EXERCISE PROMPT ::
In the listing below, find the line with "Slide of Better Plumbing" and copy every line from there up to and including the line with "أستراليا ستلتقي بسوريا", exactly and without pictures.

(DATASET EXCERPTS begins)

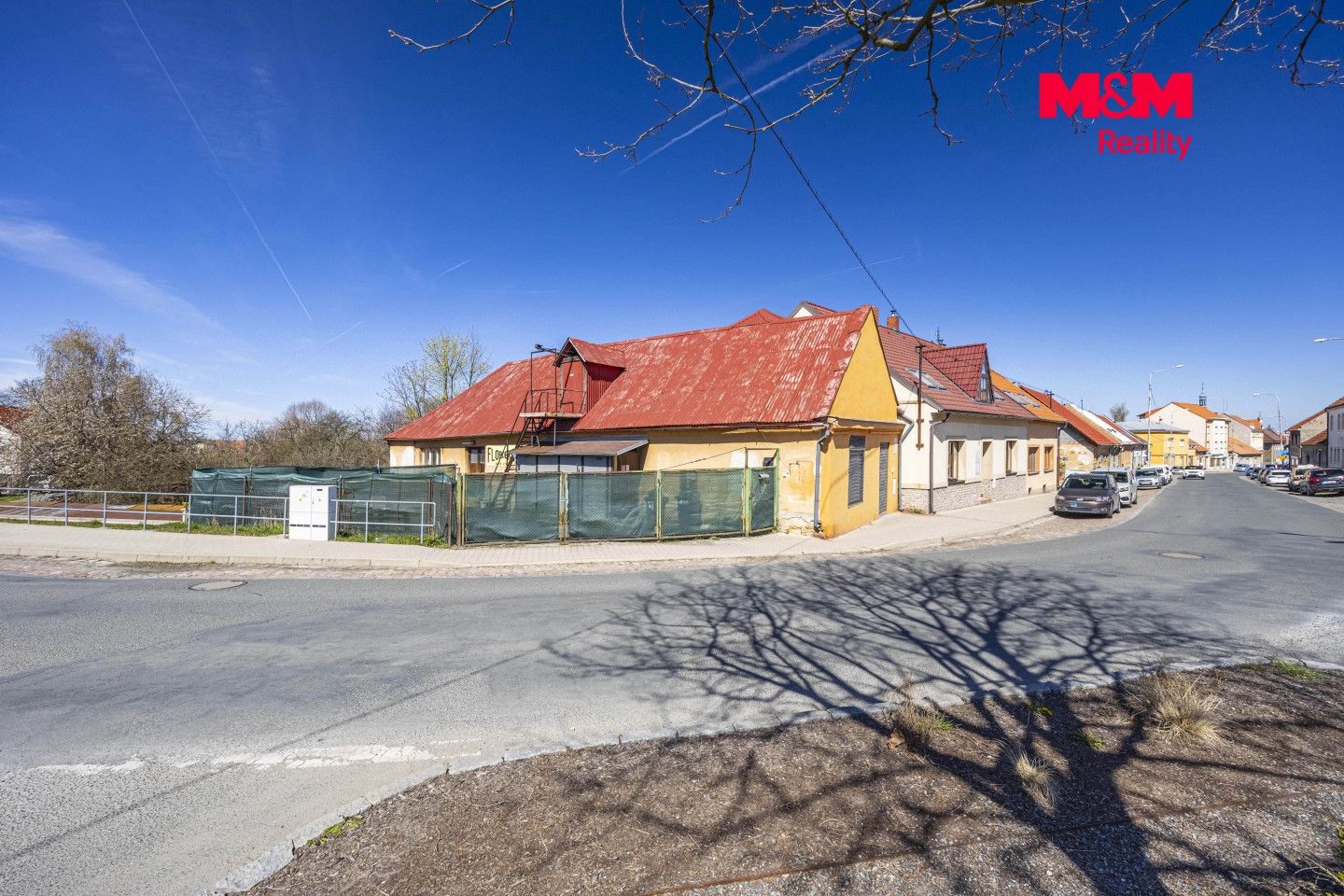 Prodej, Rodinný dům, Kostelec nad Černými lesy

(DATASET EXCERPTS ends)
(DATASET EXCERPTS begins)

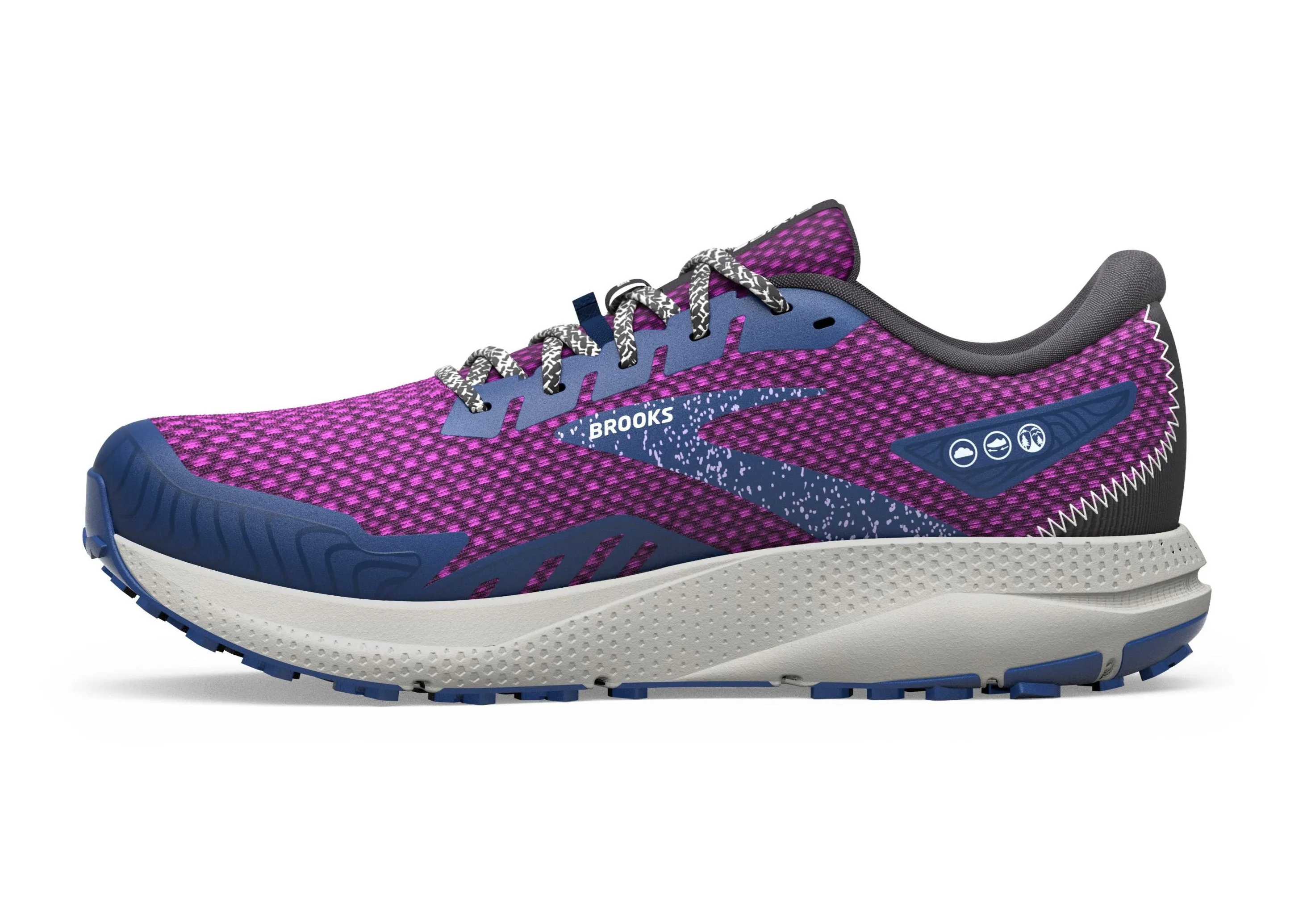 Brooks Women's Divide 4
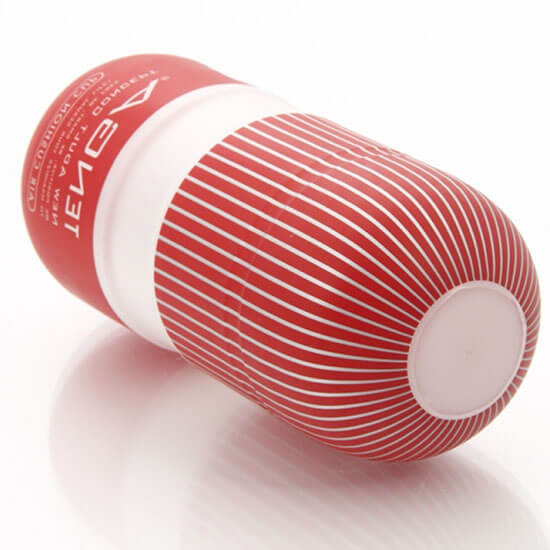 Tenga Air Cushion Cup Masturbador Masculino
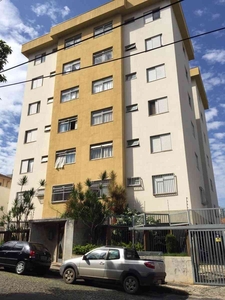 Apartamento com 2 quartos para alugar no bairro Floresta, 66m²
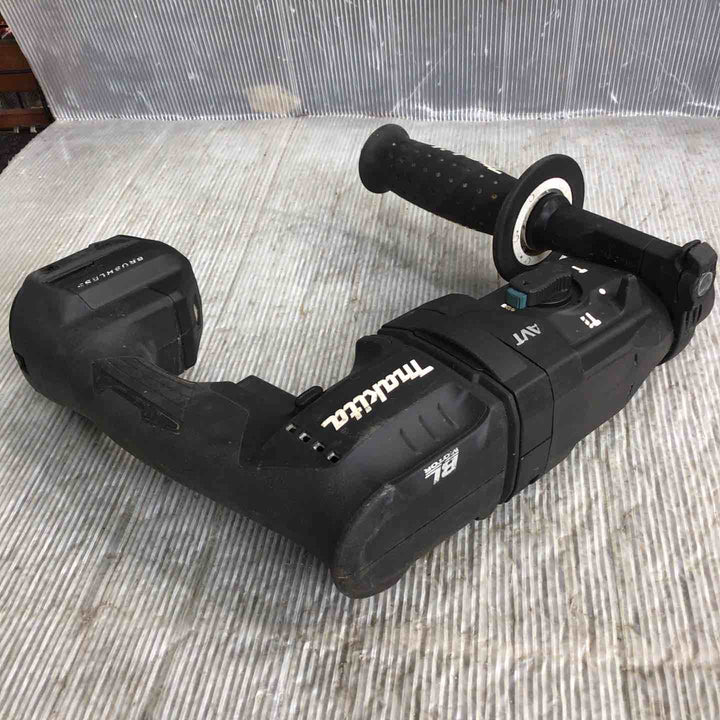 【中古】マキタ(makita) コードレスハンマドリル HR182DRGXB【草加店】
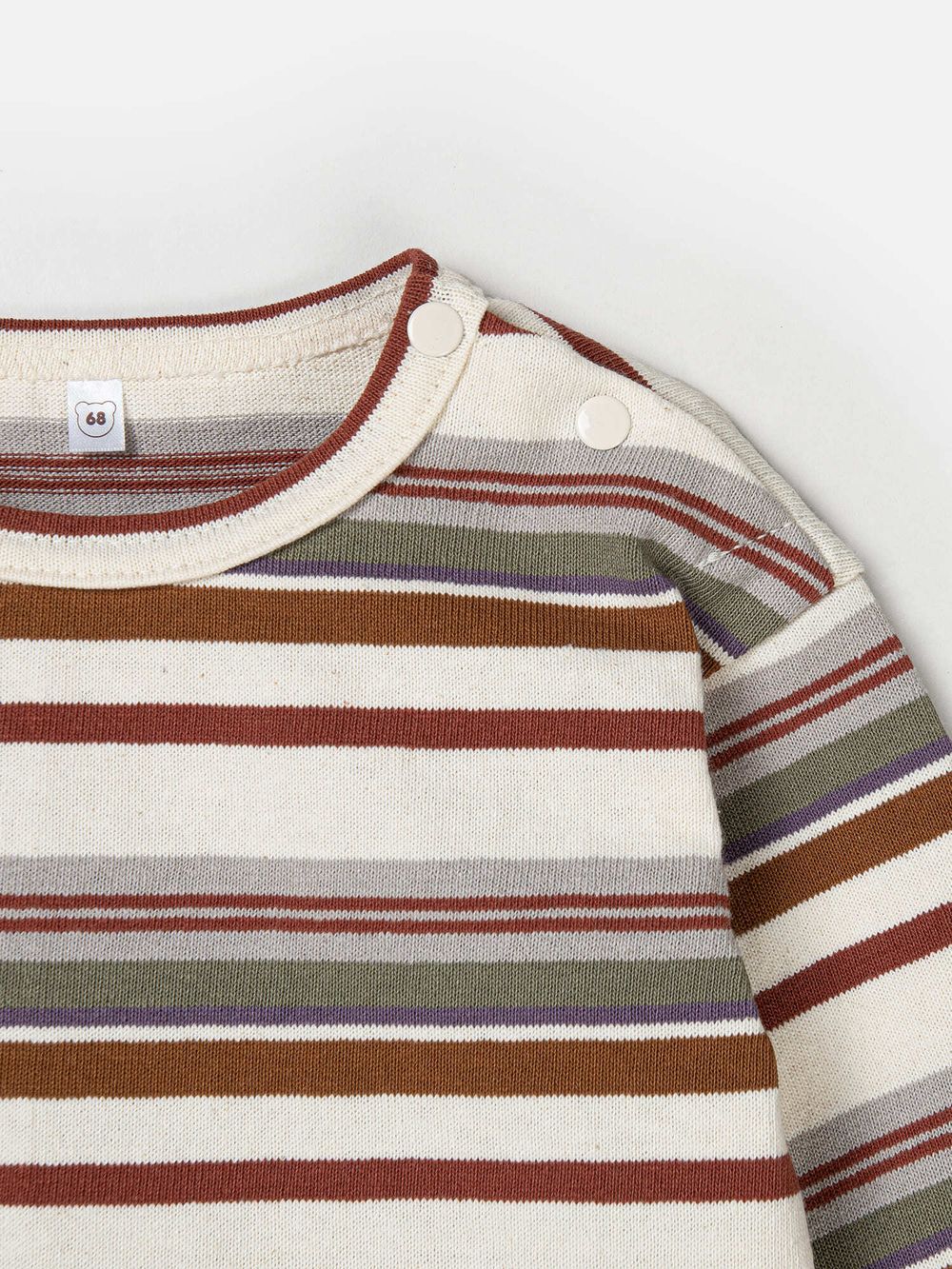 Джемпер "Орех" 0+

(DATASET EXCERPTS ends)
(DATASET EXCERPTS begins)

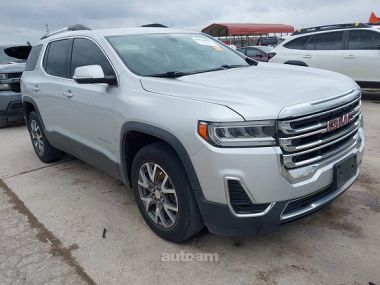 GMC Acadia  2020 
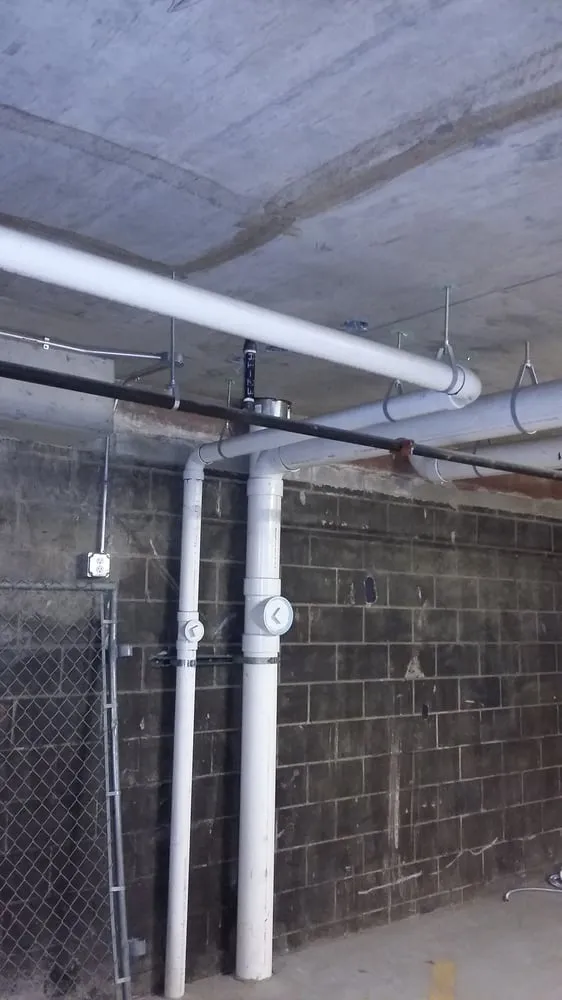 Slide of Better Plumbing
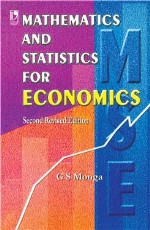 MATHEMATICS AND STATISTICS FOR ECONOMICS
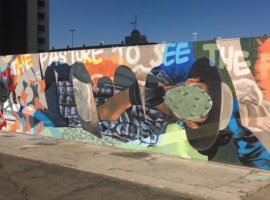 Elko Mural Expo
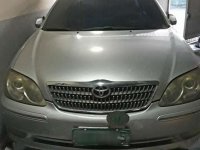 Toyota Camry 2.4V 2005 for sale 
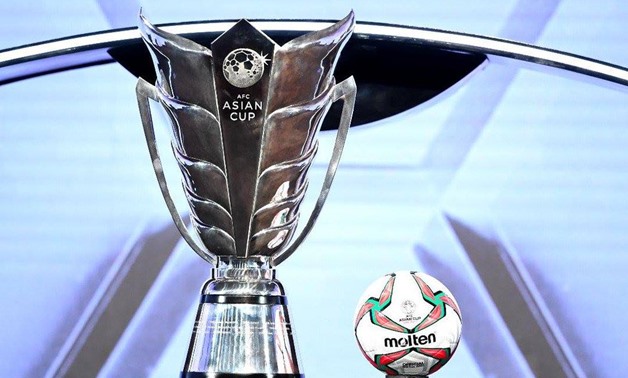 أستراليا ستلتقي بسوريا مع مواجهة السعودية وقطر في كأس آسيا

(DATASET EXCERPTS ends)

ANSWER FOR THIS EXERCISE ::
 Slide of Better Plumbing
 MATHEMATICS AND STATISTICS FOR ECONOMICS
 Elko Mural Expo
 Toyota Camry 2.4V 2005 for sale 
 أستراليا ستلتقي بسوريا مع مواجهة السعودية وقطر في كأس آسيا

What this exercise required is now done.